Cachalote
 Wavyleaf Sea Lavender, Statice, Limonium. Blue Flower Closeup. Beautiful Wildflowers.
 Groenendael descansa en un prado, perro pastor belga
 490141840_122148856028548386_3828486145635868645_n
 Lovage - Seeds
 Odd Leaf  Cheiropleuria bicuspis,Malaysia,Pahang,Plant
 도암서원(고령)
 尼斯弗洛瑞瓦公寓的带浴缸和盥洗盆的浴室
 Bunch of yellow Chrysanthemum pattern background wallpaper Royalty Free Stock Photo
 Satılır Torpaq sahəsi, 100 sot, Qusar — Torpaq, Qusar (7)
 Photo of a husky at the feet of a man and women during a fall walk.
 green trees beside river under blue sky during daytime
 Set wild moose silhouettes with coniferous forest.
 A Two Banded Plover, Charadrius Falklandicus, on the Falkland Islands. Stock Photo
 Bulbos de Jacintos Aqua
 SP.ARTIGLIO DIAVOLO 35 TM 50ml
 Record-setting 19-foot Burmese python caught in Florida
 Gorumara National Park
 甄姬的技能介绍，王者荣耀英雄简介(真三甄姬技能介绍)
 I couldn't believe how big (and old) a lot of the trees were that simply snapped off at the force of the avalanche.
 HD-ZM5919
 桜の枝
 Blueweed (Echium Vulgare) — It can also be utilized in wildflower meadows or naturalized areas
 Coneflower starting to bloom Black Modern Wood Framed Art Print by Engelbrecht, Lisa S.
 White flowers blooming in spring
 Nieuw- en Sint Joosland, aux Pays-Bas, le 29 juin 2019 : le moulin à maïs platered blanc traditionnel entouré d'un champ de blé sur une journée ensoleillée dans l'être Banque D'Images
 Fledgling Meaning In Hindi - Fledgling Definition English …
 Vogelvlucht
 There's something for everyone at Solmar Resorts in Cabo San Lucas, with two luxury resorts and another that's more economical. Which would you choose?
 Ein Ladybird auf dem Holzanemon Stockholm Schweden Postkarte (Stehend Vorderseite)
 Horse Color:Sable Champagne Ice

==========

### How to complete this task:
Now output the listing above, exactly as it appears.

### Written response:
Cachalote
 Wavyleaf Sea Lavender, Statice, Limonium. Blue Flower Closeup. Beautiful Wildflowers.
 Groenendael descansa en un prado, perro pastor belga
 490141840_122148856028548386_3828486145635868645_n
 Lovage - Seeds
 Odd Leaf  Cheiropleuria bicuspis,Malaysia,Pahang,Plant
 도암서원(고령)
 尼斯弗洛瑞瓦公寓的带浴缸和盥洗盆的浴室
 Bunch of yellow Chrysanthemum pattern background wallpaper Royalty Free Stock Photo
 Satılır Torpaq sahəsi, 100 sot, Qusar — Torpaq, Qusar (7)
 Photo of a husky at the feet of a man and women during a fall walk.
 green trees beside river under blue sky during daytime
 Set wild moose silhouettes with coniferous forest.
 A Two Banded Plover, Charadrius Falklandicus, on the Falkland Islands. Stock Photo
 Bulbos de Jacintos Aqua
 SP.ARTIGLIO DIAVOLO 35 TM 50ml
 Record-setting 19-foot Burmese python caught in Florida
 Gorumara National Park
 甄姬的技能介绍，王者荣耀英雄简介(真三甄姬技能介绍)
 I couldn't believe how big (and old) a lot of the trees were that simply snapped off at the force of the avalanche.
 HD-ZM5919
 桜の枝
 Blueweed (Echium Vulgare) — It can also be utilized in wildflower meadows or naturalized areas
 Coneflower starting to bloom Black Modern Wood Framed Art Print by Engelbrecht, Lisa S.
 White flowers blooming in spring
 Nieuw- en Sint Joosland, aux Pays-Bas, le 29 juin 2019 : le moulin à maïs platered blanc traditionnel entouré d'un champ de blé sur une journée ensoleillée dans l'être Banque D'Images
 Fledgling Meaning In Hindi - Fledgling Definition English …
 Vogelvlucht
 There's something for everyone at Solmar Resorts in Cabo San Lucas, with two luxury resorts and another that's more economical. Which would you choose?
 Ein Ladybird auf dem Holzanemon Stockholm Schweden Postkarte (Stehend Vorderseite)
 Horse Color:Sable Champagne Ice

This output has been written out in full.